Shenna Bellows, Maine’s Secretary of State and a Democrat, has temporarily removed Donald Trump from the state’s primary ballot for the upcoming U.S. presidential election. This decision, influenced by Trump’s alleged involvement in the Capitol attack on January 6, 2021, marks Maine as the second state to take such action. Bellows’ decision hinges on Trump’s role in the 2020 election fraud claims and the subsequent Capitol incident, viewing it as incitement of insurrection. This suspension will remain until Maine’s supreme court delivers a verdict.

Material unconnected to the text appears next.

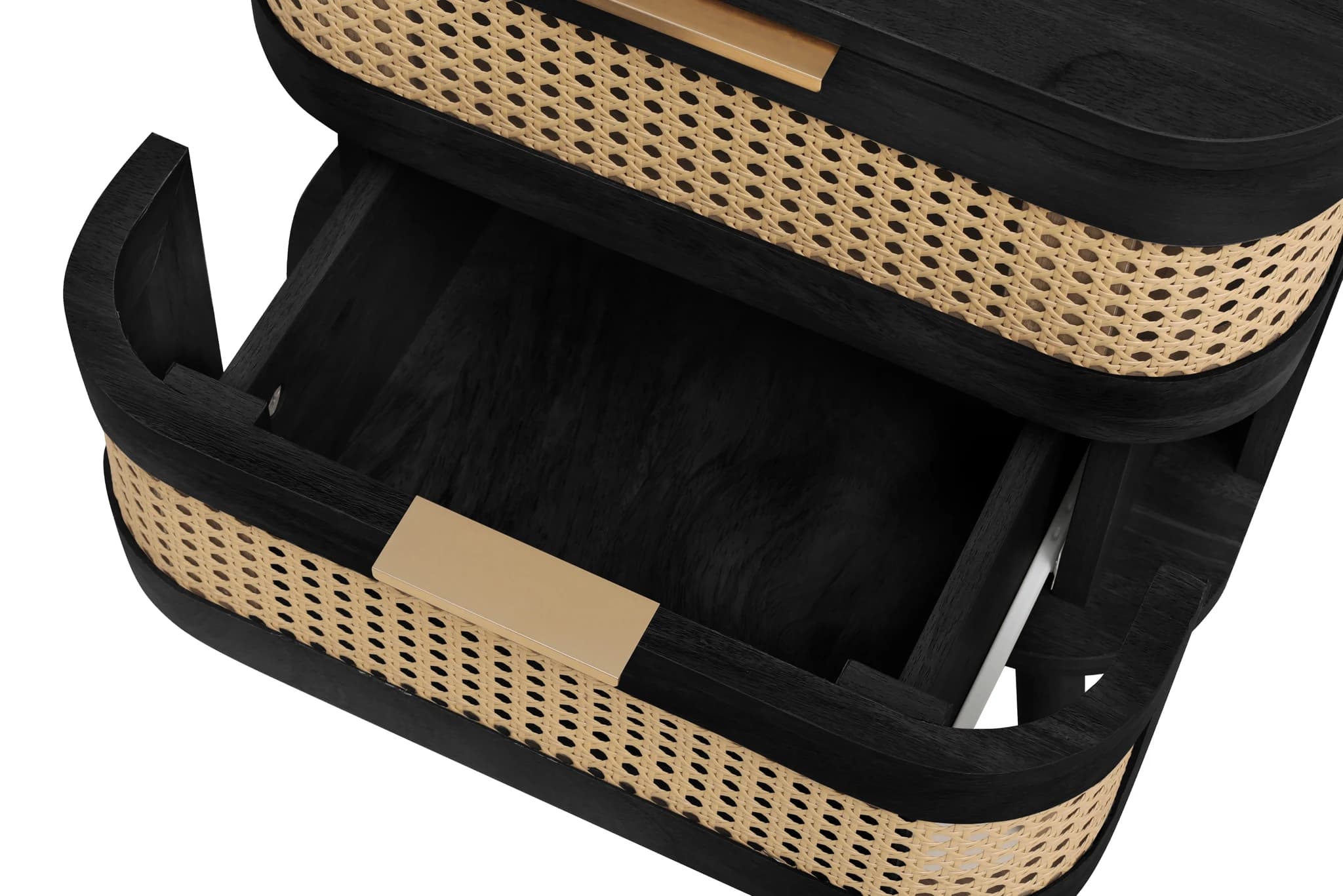 Noah 2 Drawer Bedside - Bedside tables, photo 10 of 10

This move follows claims by ex-Maine lawmakers, citing the U.S. Constitution’s clause preventing individuals from office if they have participated in insurrection after swearing an oath to the U.S. The impact of this ruling is confined to the March primary, but it may extend to the November general election. It adds urgency to the U.S. Supreme Court’s need to address Trump’s nationwide eligibility under the 14th Amendment’s Section 3.

Despite facing indictments in federal and Georgia state cases related to the 2020 election overturn efforts, Trump is not charged with insurrection for the January 6 events. He remains a strong contender for the 2024 Republican nomination.

Colorado’s supreme court previously barred Trump from its state primary ballot on December 19, a historic first. Trump plans to challenge this in the U.S. Supreme Court, criticizing such ballot objections as “undemocratic.” The Colorado Republican Party has already filed an appeal.

Other states, like Michigan, have rejected similar disqualification efforts. Maine, typically Democratic-leaning, awarded Trump one electoral vote in both the 2016 and 2020 elections due to its unique Electoral College vote distribution. A candidate needs 270 Electoral College votes to secure the presidency.

Several advocacy groups and anti-Trump voters have challenged his candidacy in multiple states, invoking the 14th Amendment’s Section 3, originally intended to prevent former Confederates from holding government positions. Bellows’ role in Maine required her to evaluate Trump’s disqualification before judicial review.

Trump’s lawyers argue that his actions do not constitute insurrection and claim his January 6, 2021, statements are protected under free speech. They also highlight procedural issues, such as the absence of Section 3 eligibility criteria in Trump’s state ballot paperwork.

The U.S. Supreme Court’s impending decision in the Colorado case could potentially settle this matter across the country. Notably, three of the court’s conservative majority justices were nominated by Trump.